A Summary of the Field Trip Estonia

  • Field Trip to Piusa

     

    On Thursday, the 13th of September, we went on a field trip “Habitats and Devon’s era sandstone outcrops in Piusa”. The journey started at 9 a.m. and after 45 minutes we arrived at Piusa Visitor Centre. Our tour guide gave us worksheets and showed us a short film about the history of the caves, the quarry and even about animals and insects who live there.

    We found out that the quartz sand mining began in 1922. They took sand to the Järvakandi Glass Factory to make bottles and glass. We also discovered that they closed caves in 2006 because of the risk of collapse. The length of the caves is about 20 km. Nowadays it is possible to visit only the Museum Cave, the  other five caves are closed to the public.

    During the wintertime bats and butterflies hibernate in the caves. They created the Piusa Cave System Nature Reserve in Piusa Caves to protect thousands of hibernating bats who come there every winter from Latvia, Russia and Estonia.

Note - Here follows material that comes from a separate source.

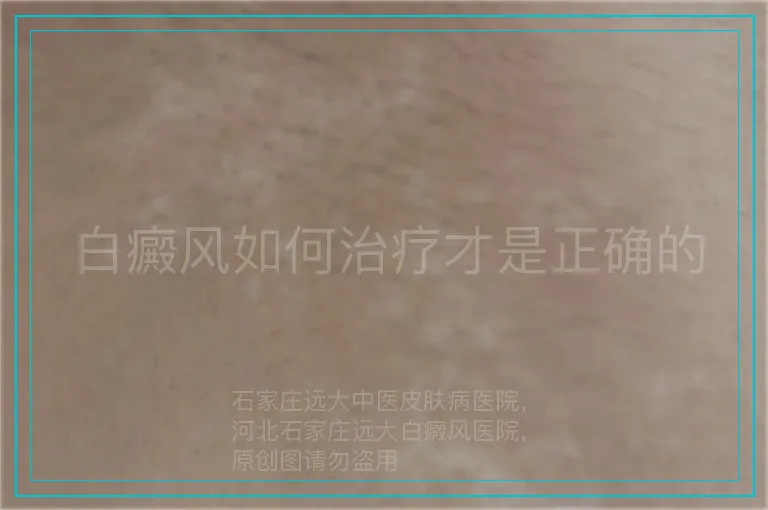 白癜风如何治疗才是正确的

    The film also gave us information about pine groves’ flora growing nearby. We easily filled out the worksheets and went to the next room to draw patterns in the sand with a pendulum that was hanging from the ceiling. Then we went to the chilly and dim cave. The tour guide told us that the first miners were actually women. The visiting area on view was quite small so we could not move around much.

    Next, we went to the Piusa hiking trail. We saw a huge sand quarry, where we could run down. On the way back, we made our group photo on the edge of the quarry. We went back to the hiking trail and read the information from the signs to each other with a loud voice.

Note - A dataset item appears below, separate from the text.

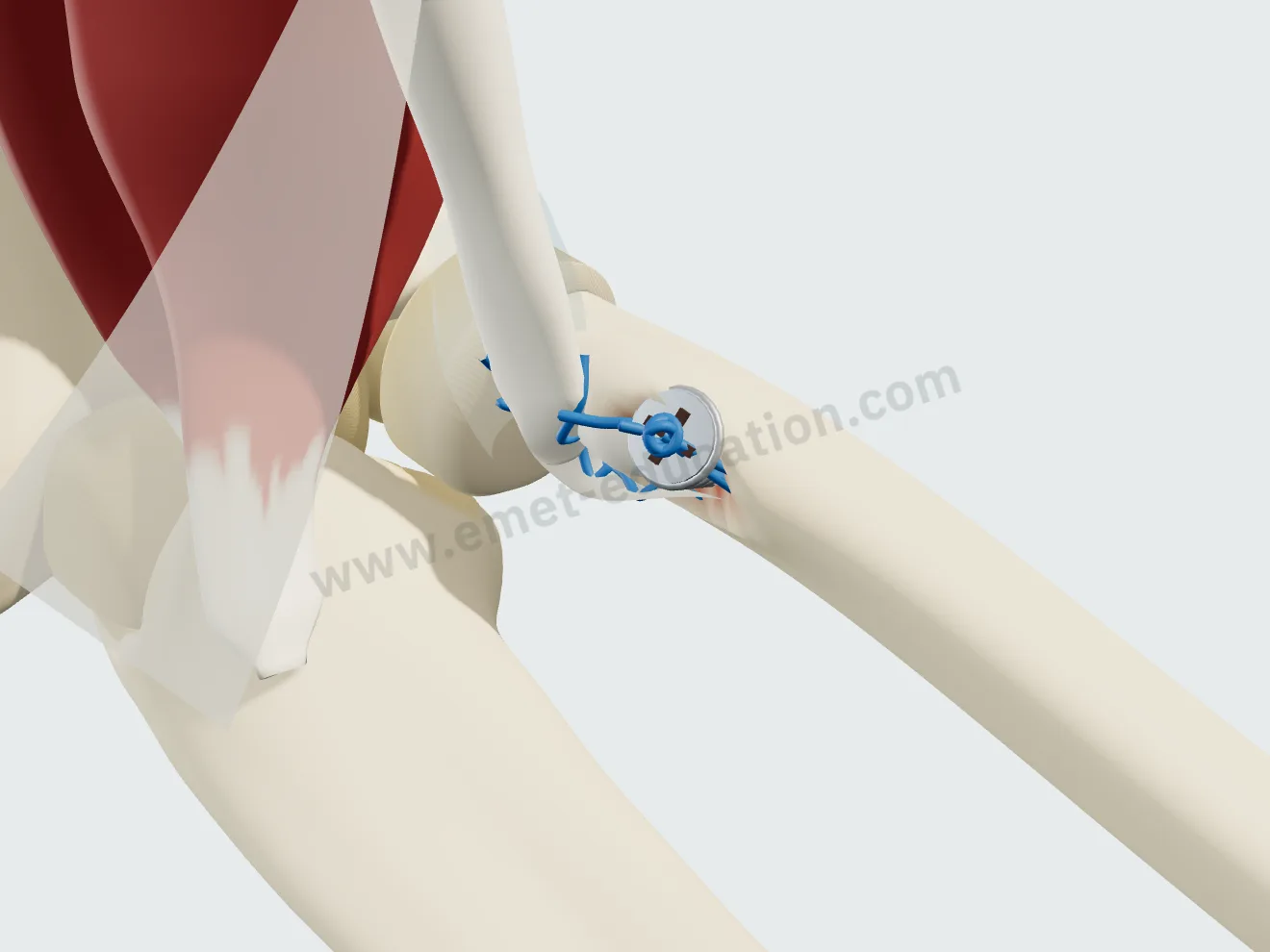 Vis d'interférence : le tendon est enfoncé dans une cavité de la tubérosité, coincé par une vis vissée à côté de lui.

    The undergrowth of the pine grove was the perfect outdoor classroom where we could repeat all the important lichens we had seen in the film. On the edges of the sand quarry ponds, we found rare sundew (Drosera) which is under protection in Estonia. There were Sand Martins’ nests up high in the sand quarry’s slopes.

    Reaching back to the Piusa Visitor Centre, we thanked our tour guide and ate the sandwiches given from school canteen. After lunchbreak we went to the bus and it was time to go back home.